Собственно матери главного героя — именно её играет Инна Михайловна — на экране не так уж много, но, посмотрев «Курьера» уже неоднократно, понимаешь, что прелесть его — далеко не только в программном финале и в монологе Меньшова про банку сгущёнки, но и в скромной истории очередной чуриковской несчастной жертвенной женщины, аккуратно вписанной в общий контекст: не только в «Жил на свете козёл», но и в «Земле в иллюминаторе», которую мама с сыном напевают под расстроенную гитару. 

«Ребро Адама» (1990) 

кадр из фильма
кадр из фильма
Фильм Вячеслава Криштофовича, вроде бы, снят не совсем о том же, о чём «Курьер», но, тем не менее, что-то интонационно сближает обе ленты: вроде бы мрачные, но при этом и светлые, и снятые со столь низким процентом «чернухи», сколь это вообще было возможно в эту непростую и для страны, и, понятно, для местного кинематографа эпоху. Из сценария «Ребра» можно было бы сваять настоящий кошмар: тут и парализованная старуха, и подростковая беременность — есть где разгуляться; а получилась почти что «лирическая комедия», при том, что этот сугубо советский жанр уже успел прийти к 1990-му году в такую же негодность, как сам разваливающийся Союз. 

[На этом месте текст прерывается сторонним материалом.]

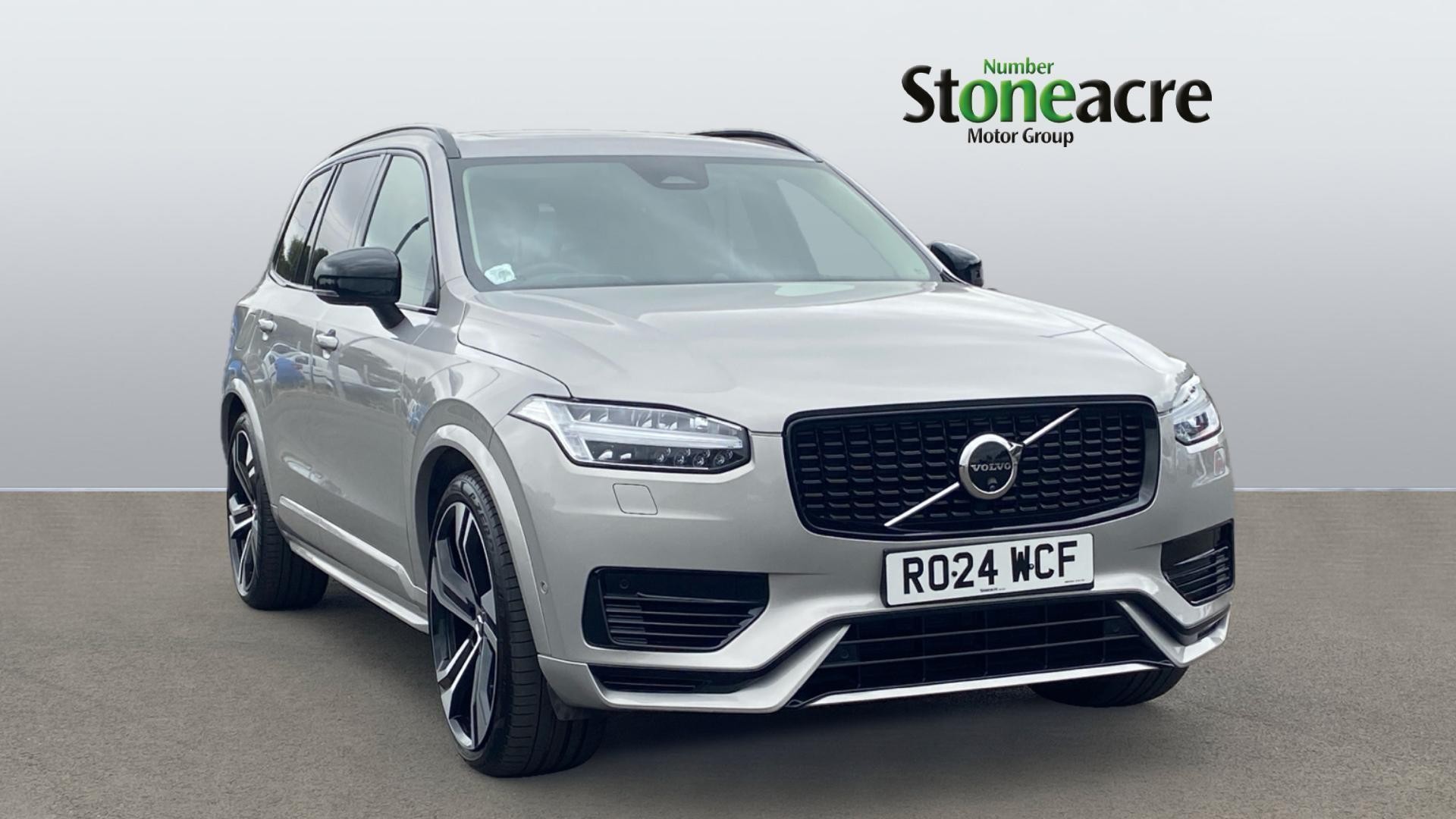 Main listing image - Volvo XC90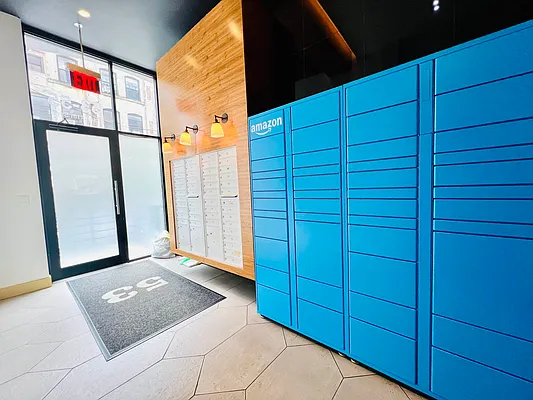 Rented by EXR | media 30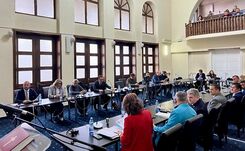 Zavarja a POL tanácsosát, hogy az RMDSZ képviselői magyarul is felszólalnak a marosvásárhelyi tanácsülésen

«Ребро Адама» — это камерная пьеса об уединенном женском мирке, в котором всё не слава богу; Чуриковой досталась наиболее ответственная роль — она отвечает здесь за «среднее поколение», которое тянет за собой целый воз, набитый бывшими мужьями и кошмарами бесконечного общежития. Это повод для небольшой истерики время от времени, но не для отчаяния. Да и сам фильм, как ни понимай его почти что мистическую концовку после долгого застольного балагана, пусть и пытается казаться безнадёжным, а получился всё равно добрым — не плевком в адрес застойного и перестроечного быта, а неожиданным и робким признанием в любви всему тому, что люди в нём изыскивали хорошего. 

«Курочка Ряба» (1994) 

кадр из фильма
кадр из фильма
Совсем другим тоном — раздражённым, срывающимся на крик — встретил наступление новой эпохи Андрей Кончаловский, только-только вернувшийся из Соединенных Штатов, чтобы дорисовать мрачный и малоприятный эпилог к судьбе своей давней героини. Деревенскую хромоножку Асю сыграла в «Истории Аси Клячиной, которая любила, да не вышла замуж» Ия Саввина — тот фильм был одним из первых в карьере режиссёра, светлым и красивым, почти импрессионистичным по характеру исполнения. «Курочка Ряба» же — это злобный трагифарс, в рамках которого эксцентрическая манера Чуриковой, пожалуй, даже уместнее, чем искренняя манера Саввиной, отказавшейся от роли по прочтении сценария. 

Смотреть «Курочку Рябу» — безрадостное занятие: Кончаловский пышет злобой, но, что самое страшное, при этом всё равно талантлив. На экране ему удаётся фиксировать не только собственное раздражение, но и какие-то чёрточки почти антропологического толка, что, кстати, исключительно и сближает «Рябу» с первой «Асей Клячиной». От физиологически ощутимого соприкосновения с этой топью, в которой киснут в общей жиже бутылки самогона, доллары, солома из разваленных сараев, портреты Брежнева и Андропова, Борис Моисеев и «Два кусочека колбаски», — оторопь берёт; как и от мысли о том, что не всё здесь гипербола — тот колхоз, который мы видим в «Истории Аси Клячиной», действительно должен был превратиться во что-то подобное к 1994-му году. 

«Ширли-мырли» (1995) 

кадр из фильма
кадр из фильма
Ещё один документ российских девяностых: страннейшая комедия Владимира Меньшова, чья странность, увы, чуть менее заметна всем тем, кто не один, не два и не три раза просмотрел «Ширли-мырли» по телевидению десять лет тому назад. В качестве исторического артефакта «Ширли-мырли» кажутся более значительными, чем «Курочка Ряба» — что и хорошо, поскольку смотреть этот фильм куда приятнее. Этому дикому фарсу в отдельные моменты и правда удаётся быть очень смешным, а когда не удаётся — он всё равно остаётся слишком показательным, чтобы наскучить. 

Ко многому в «Ширли-мырли» запросто можно придраться, но только не к эпизодическим появлениям бывалых артистов: тут надо упомянуть, конечно, и Джигарханяна, и Табакова, но к Чуриковой вместе с фразой «прости меня, Васятка, дуру грешную» пришла лучшая комедийная роль во всей карьере. Именно в образе этой сумасшедшей мамаши — взрастившей, как выясняется, целую роту детей самых разных занятий и национальностей — две главных героини, которых постоянно играет актриса, «мать» и «блаженная», одновременно достигают своего логического пика.